------ MATERIAL FOR THIS TASK ------

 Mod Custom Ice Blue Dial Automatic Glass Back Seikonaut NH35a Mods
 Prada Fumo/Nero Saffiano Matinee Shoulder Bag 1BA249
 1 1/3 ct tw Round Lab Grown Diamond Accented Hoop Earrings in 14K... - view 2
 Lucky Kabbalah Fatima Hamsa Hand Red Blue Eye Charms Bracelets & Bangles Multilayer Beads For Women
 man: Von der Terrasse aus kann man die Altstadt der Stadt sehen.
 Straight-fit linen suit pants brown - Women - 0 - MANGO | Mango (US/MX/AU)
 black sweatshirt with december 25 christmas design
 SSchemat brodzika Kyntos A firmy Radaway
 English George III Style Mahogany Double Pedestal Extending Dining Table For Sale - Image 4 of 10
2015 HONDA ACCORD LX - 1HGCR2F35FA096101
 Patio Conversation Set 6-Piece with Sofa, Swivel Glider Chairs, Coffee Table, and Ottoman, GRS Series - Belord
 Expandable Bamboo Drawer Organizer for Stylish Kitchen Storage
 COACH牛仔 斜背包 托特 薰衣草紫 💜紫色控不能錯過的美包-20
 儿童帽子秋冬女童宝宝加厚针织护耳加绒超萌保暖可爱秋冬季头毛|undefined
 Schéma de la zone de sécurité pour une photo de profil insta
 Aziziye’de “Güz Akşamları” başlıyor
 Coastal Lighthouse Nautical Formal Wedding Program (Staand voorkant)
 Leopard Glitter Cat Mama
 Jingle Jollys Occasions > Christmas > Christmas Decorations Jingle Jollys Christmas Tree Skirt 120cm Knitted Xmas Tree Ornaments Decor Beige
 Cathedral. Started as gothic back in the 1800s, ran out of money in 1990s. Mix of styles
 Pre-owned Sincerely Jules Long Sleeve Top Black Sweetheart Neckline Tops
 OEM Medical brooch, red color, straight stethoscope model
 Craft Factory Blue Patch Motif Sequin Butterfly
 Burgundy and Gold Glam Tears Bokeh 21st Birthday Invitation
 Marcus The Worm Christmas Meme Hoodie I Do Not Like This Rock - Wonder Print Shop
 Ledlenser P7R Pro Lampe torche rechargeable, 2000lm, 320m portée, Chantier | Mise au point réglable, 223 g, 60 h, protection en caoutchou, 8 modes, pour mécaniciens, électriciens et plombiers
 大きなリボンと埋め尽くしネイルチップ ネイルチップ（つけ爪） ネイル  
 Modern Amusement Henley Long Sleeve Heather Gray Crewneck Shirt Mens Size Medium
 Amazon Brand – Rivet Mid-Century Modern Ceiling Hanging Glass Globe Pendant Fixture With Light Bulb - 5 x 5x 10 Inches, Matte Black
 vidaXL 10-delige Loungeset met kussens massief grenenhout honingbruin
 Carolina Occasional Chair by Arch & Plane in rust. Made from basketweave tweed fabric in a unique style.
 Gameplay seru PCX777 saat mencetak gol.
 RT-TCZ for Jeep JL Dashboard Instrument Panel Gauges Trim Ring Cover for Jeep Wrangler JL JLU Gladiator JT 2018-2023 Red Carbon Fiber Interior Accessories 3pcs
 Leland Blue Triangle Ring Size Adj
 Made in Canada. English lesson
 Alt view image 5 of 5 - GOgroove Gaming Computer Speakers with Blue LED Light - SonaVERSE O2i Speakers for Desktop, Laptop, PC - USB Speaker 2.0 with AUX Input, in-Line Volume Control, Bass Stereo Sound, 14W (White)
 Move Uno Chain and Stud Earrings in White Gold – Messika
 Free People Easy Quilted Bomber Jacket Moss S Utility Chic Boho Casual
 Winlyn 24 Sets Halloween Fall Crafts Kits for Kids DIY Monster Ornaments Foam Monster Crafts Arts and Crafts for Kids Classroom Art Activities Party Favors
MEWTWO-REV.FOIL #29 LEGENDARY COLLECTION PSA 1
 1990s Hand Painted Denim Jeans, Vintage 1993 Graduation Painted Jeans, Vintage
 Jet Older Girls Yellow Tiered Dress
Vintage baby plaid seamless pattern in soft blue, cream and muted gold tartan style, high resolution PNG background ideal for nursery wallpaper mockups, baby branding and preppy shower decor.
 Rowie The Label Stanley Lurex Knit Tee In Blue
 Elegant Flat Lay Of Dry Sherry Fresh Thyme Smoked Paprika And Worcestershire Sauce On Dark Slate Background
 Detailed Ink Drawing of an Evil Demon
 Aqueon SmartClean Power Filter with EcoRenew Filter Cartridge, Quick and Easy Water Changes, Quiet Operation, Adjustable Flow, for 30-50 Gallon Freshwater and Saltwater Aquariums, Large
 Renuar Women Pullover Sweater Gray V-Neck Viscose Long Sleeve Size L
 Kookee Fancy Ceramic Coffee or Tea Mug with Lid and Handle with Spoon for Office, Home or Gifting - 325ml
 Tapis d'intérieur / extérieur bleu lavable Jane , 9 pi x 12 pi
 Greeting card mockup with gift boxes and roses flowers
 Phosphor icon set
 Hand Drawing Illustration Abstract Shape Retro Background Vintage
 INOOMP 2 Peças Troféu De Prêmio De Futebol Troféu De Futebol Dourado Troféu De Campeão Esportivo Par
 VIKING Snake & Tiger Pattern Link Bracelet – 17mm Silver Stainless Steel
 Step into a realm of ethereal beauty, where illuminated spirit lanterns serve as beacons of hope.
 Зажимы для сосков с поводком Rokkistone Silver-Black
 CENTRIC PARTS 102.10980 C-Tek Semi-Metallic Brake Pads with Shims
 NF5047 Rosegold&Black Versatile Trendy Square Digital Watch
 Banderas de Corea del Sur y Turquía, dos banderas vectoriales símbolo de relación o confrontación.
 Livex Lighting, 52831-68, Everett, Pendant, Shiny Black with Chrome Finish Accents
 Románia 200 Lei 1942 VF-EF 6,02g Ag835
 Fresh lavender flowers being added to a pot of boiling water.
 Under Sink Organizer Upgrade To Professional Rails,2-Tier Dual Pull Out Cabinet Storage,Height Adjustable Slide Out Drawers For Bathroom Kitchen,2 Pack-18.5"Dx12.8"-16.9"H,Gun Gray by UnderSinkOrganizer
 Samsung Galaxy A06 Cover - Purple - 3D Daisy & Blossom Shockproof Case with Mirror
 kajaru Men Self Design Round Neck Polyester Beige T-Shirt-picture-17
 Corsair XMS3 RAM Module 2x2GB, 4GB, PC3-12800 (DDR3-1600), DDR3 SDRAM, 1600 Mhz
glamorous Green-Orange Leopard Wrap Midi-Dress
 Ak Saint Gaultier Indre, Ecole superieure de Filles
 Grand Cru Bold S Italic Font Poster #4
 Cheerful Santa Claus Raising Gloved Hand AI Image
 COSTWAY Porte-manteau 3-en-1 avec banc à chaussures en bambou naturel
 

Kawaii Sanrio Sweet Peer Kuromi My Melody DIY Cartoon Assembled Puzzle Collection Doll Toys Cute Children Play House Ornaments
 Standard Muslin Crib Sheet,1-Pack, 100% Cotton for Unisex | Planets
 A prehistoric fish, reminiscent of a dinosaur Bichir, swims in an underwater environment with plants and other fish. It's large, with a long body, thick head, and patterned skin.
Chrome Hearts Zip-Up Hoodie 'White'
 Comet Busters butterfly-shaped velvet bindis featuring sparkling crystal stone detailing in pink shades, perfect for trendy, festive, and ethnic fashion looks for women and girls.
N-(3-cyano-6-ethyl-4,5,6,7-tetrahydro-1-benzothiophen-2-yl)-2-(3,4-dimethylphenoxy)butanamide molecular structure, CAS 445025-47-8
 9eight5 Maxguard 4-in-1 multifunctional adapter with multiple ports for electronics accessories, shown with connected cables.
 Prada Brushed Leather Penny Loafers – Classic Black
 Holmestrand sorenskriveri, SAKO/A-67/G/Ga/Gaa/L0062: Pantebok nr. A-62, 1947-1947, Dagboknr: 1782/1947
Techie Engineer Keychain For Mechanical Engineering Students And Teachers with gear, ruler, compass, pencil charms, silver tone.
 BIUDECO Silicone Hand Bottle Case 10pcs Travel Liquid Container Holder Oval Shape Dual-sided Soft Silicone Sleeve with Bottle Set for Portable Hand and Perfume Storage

------

**TASK**
Every line containing the string "Dual" is required; copy each such line from the data.

**SOLUTION TO THE PROBLEM**
 Under Sink Organizer Upgrade To Professional Rails,2-Tier Dual Pull Out Cabinet Storage,Height Adjustable Slide Out Drawers For Bathroom Kitchen,2 Pack-18.5"Dx12.8"-16.9"H,Gun Gray by UnderSinkOrganizer
 BIUDECO Silicone Hand Bottle Case 10pcs Travel Liquid Container Holder Oval Shape Dual-sided Soft Silicone Sleeve with Bottle Set for Portable Hand and Perfume Storage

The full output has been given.